Musicians may be interested in a new project published this month on the Hackster.io website that shows how the Raspberry Pi mini PC can be used to build a guitar pedal with a neural network.
NeuralPi is a Raspberry Pi guitar pedal that emulates actual amps and pedals using neural networks. The project is rated as an intermediate build, and it should take about five hours to complete.
Keith, the creator, has provided step-by-step instructions, a component list, and code to help you create your own using the Raspberry Pi 4 Model B, which costs less than $50.
You can create your own effects using regular C and get ideas from the forum’s ready-to-use effects, such as Clean/Transparent, Booster/Volume, Distortion, Fuzz, Delay, Echo, Octaver, Reverb, Tremolo, Looper, and so on.
- Driven by the Raspberry Pi Zero (1GHz ARM11 core).
- The MCP6002 rail-to-rail operational amplifier is used in the analog stages.
- ADC: 12 bits / 50 kHz sampling rate (MCP3202).
- Stage of output: 12 bits (2x6bits PWMs running in parallel)
- Pi Zero has a 1GHz ARM11 processor.
- LPDDR2 SDRAM, 512MB
- Micro-SD card slot is available.
Assembling the Hardware
The two rows of pin connectors on the HifiBerry connect to the Raspberry Pi’s top. It included spacers to keep the HifiBerry card in place on top of the Rpi4.
There is a generic prototyping enclosure, but the HiFiBerry website has a great-looking enclosure for a simple guitar pedal project that doesn’t need any additional footswitches or knobs. For a finished product, it most likely makes your own enclosure.
What You Can Do
User controls are currently unavailable in the NeuralPi plugin for Elk OS. It uses a single model that can be changed before the plugin is run.
The next move is to add user controls through OSC messages so that the NeuralPi can be controlled over Wifi by a remote instance of the plugin. Gain/Volume, EQ, and model selection will be among the controls available.
Through Sensei, Elk Audio OS also supports physical controls. Gain/Volume and EQ knobs, as well as an LCD screen for selecting different models, can all be added.
One could create an actual guitar pedal with NeuralPi and any number of other digital effects and controls.

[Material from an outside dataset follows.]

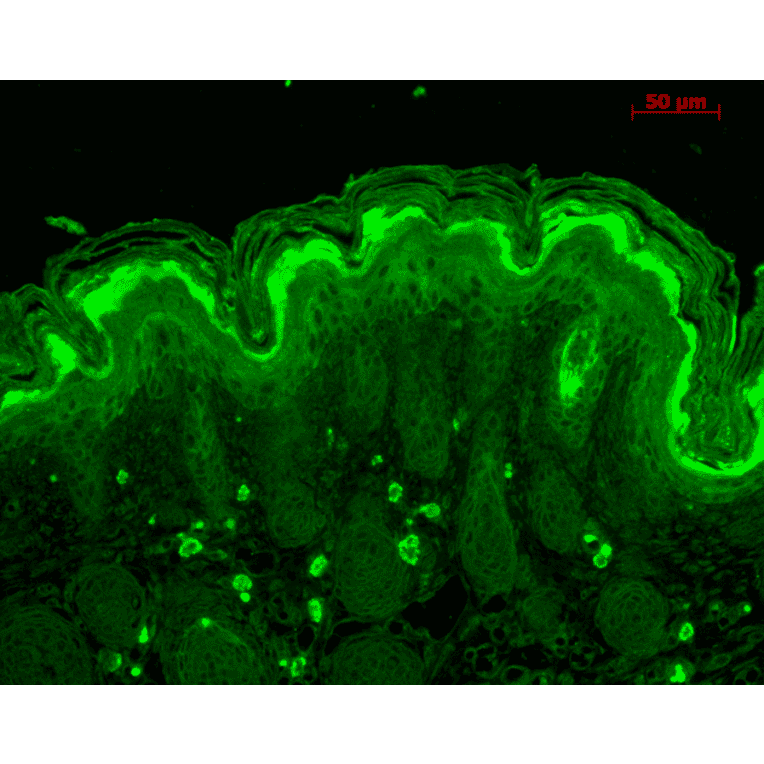 Immunohistochemistry - Anti-Calcineurin A Antibody (A305119) - Antibodies.com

After the hardware has been installed, all of the requisite adapters can be connected. If you’ve used the Raspberry Pi 2, there are a few important differences to be aware of with the Raspberry Pi 4:
- Micro HDMI is the output (instead of standard size)
- The charging cable is USB-C. (instead of micro USB)
- The Rpi4 has built-in WiFi and Bluetooth
With just 16 percent of the Pi’s processing power used, there’s plenty of space for other effects like cab simulation (impulse response), reverb, delay, flange, and other less CPU-intensive effects.
When it comes to the Raspberry Pi’s capabilities, the sky is the limit. One might make a phone app that controls the plugin over WiFi, add knobs and controls, or even dual boot another operating system with a media center, web browser, or video game emulator.